Productive efficiency
Productive efficiency is achieved when goods are produced at the lowest possible cost.
Producing the right things is one test. Producing them at the lowest possible cost is another. That second test is productive efficiency.
Productive efficiency is achieved when goods and services are produced at the lowest possible cost, using the least resources for a given output, so that nothing is wasted in the making. It is efficiency in how things are produced, the companion to allocative efficiency, which concerns what is produced.
Producing on the frontier
A firm or economy is productively efficient when it cannot produce more of one good without producing less of another, that is, when it operates on the frontier of what its resources and technology allow rather than inside it. Operating inside the frontier means resources are being squandered: the same inputs could yield more output, or the same output could be had with fewer inputs. Productive efficiency is the absence of that slack.
What drives it
Productive efficiency is driven by competition, good management, and the spur to cut costs. Firms under competitive pressure must produce efficiently or be undercut, which is one of the strongest arguments for competitive markets. Where that pressure is absent, in a sheltered monopoly, a protected public body, or a firm with a comfortable cushion, productive inefficiency can persist, costs drifting upward because nothing forces them down. The discipline of the market is, among other things, a discipline on cost.
Necessary but not sufficient
Productive efficiency is essential but, on its own, hollow. An economy can produce the wrong things with flawless efficiency, churning out at minimum cost goods that people value less than the alternatives those resources could have made.
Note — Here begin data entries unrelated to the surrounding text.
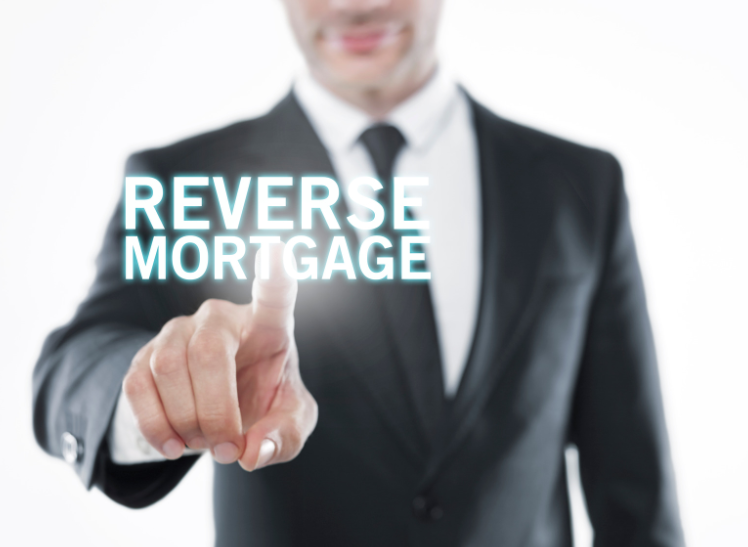 A man in a suit is pointing at the word reverse mortgage
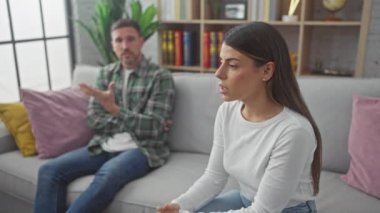 Kadın ve erkek kanepede tartışıyorlar, rahat bir oturma odasında stres ve rahatlık gösteriyorlar..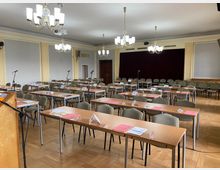 Ein Konferenzraum mit mehreren Reihen von Holztischen und gepolsterten Stühlen, auf den Tischen liegen Namensschilder und Dokumente. Der Raum hat eine Bühne mit rotem Vorhang im Hintergrund, helle Wände, Parkettboden und mehrere Kronleuchter an der Decke.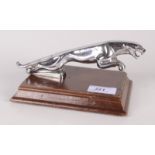 A chrome car mascot in the form of a Jaguar, mounted on a rectangular wooden plinth, height 8.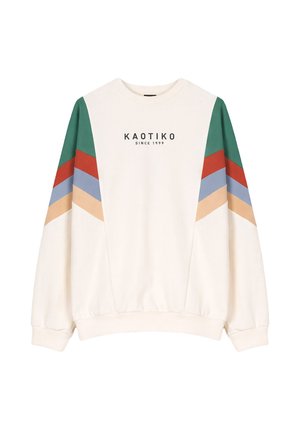 Hvit genser med grønne, røde, blå og beige chevronstriper på ermene og teksten "KAOTIKO SINCE 1999" på brystet.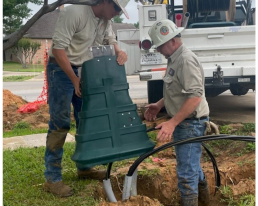 Two utility workers are installing a green plastic enclosure over cables protruding from a hole in the ground, securing electric pedestals. They are wearing helmets and work uniforms. A heavy-duty vehicle with equipment is parked nearby, while trees and a residential area are visible in the background.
That is why productive and allocative efficiency are both needed: one ensures resources are not wasted in production, the other that they are aimed at what people actually want. Efficiency in the means does not redeem the wrong ends.
Productive efficiency is the more intuitive half of the efficiency story, the part about not wasting resources, doing things cheaply and well. It is necessary for prosperity and, by itself, no guarantee of it, because producing the wrong thing flawlessly is still a kind of waste.